#### WHAT YOU NEED TO DO
The answer must be every entry below, word for word, with the pictures left out.
************
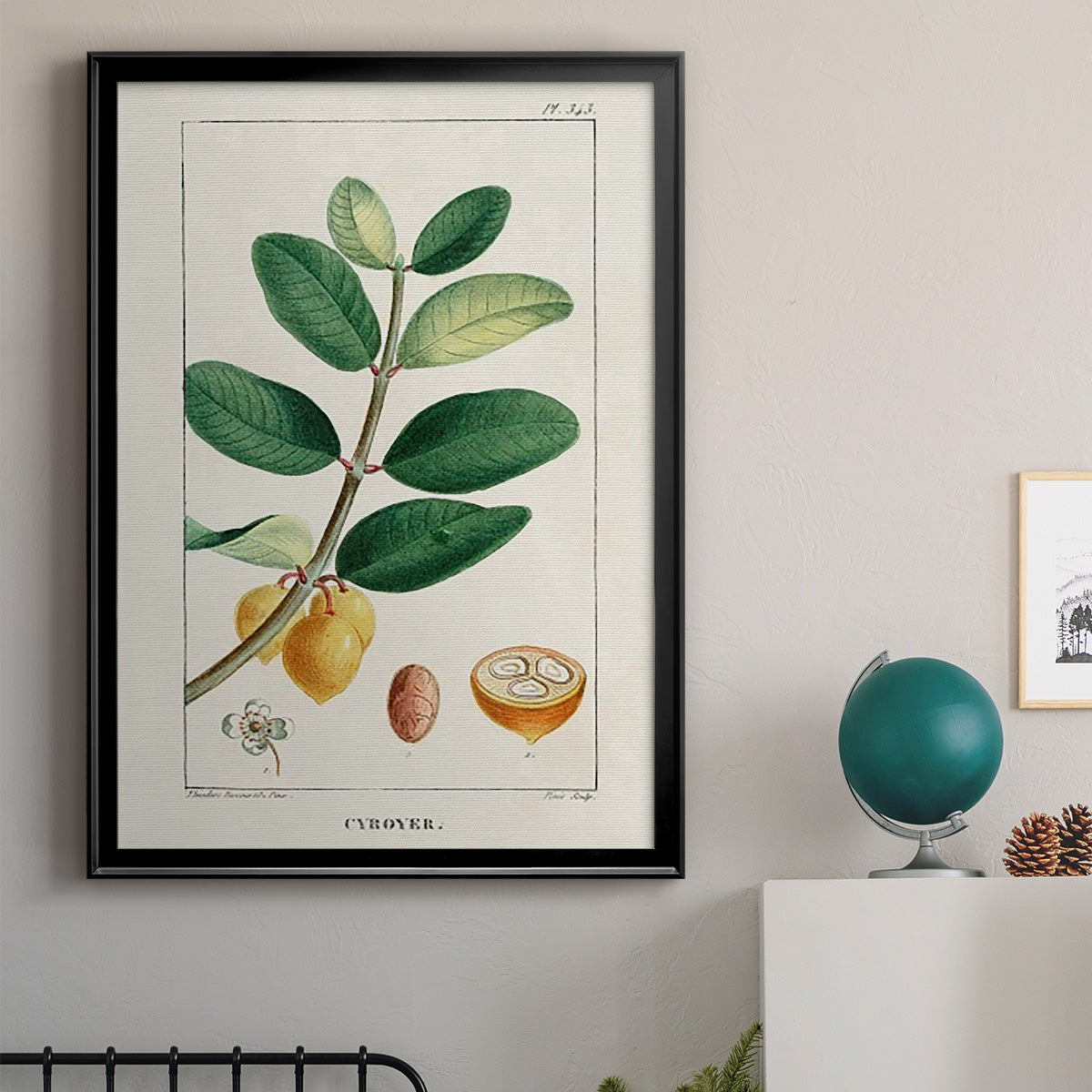 Turpin Tropical Botanicals V - Modern Framed Canvas Print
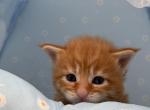 Tarry - Maine Coon Kitten For Sale - Spokane, WA, US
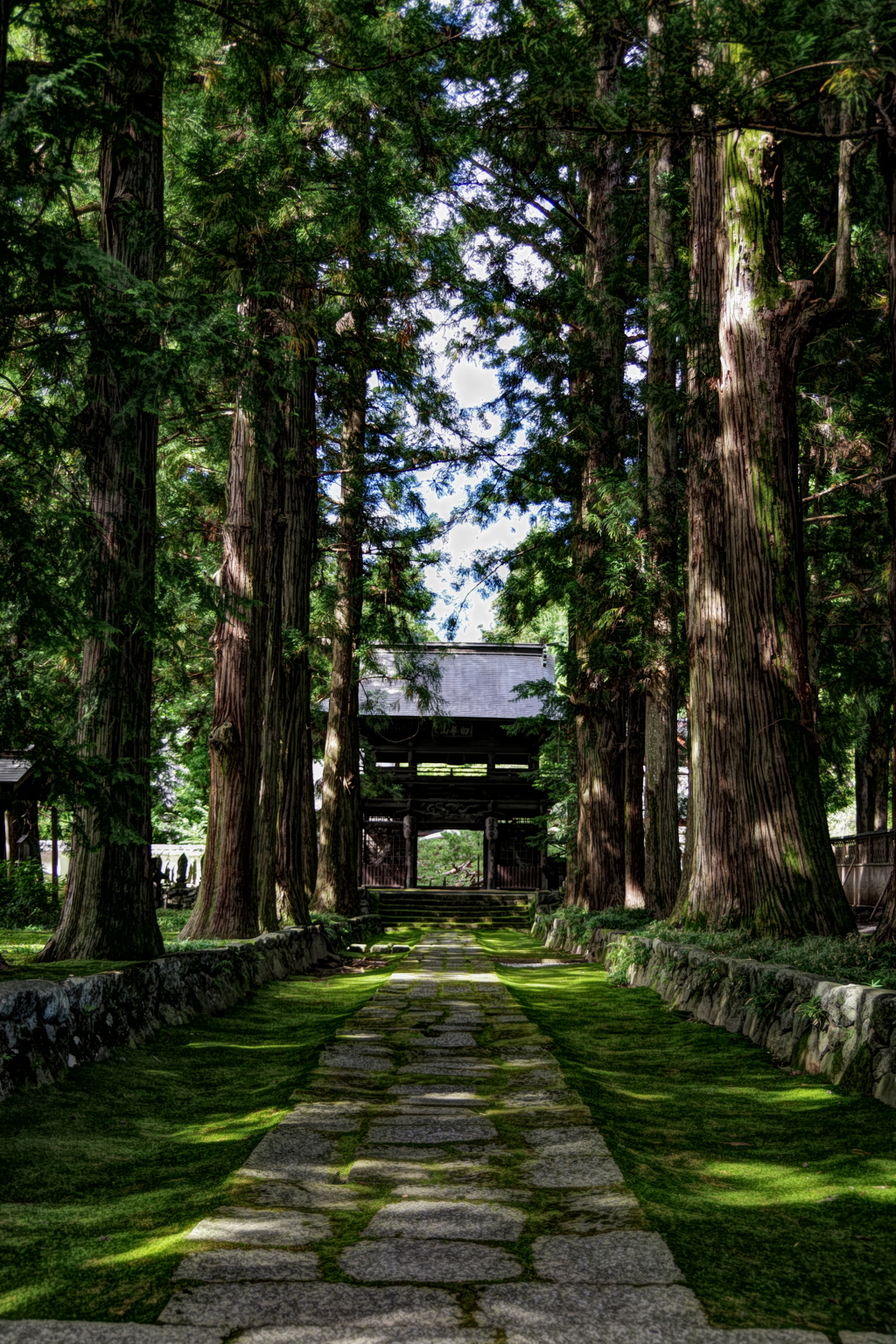 慈雲寺山門と苔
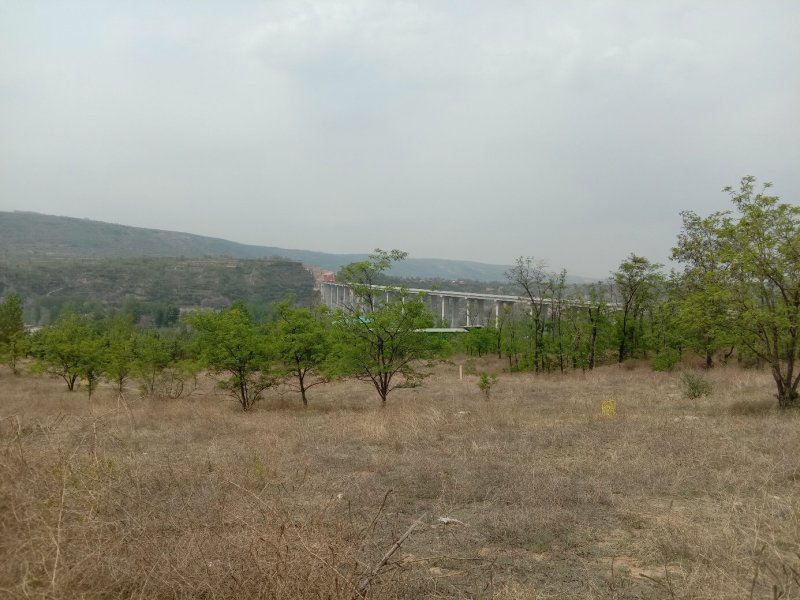 纯野生无污染新鲜槐花大量上市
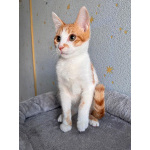 Тоша, маленький персиковый котенок, который ждёт своего человека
************
#### SOLUTION
 Turpin Tropical Botanicals V - Modern Framed Canvas Print
 Tarry - Maine Coon Kitten For Sale - Spokane, WA, US
 慈雲寺山門と苔
 纯野生无污染新鲜槐花大量上市
 Тоша, маленький персиковый котенок, который ждёт своего человека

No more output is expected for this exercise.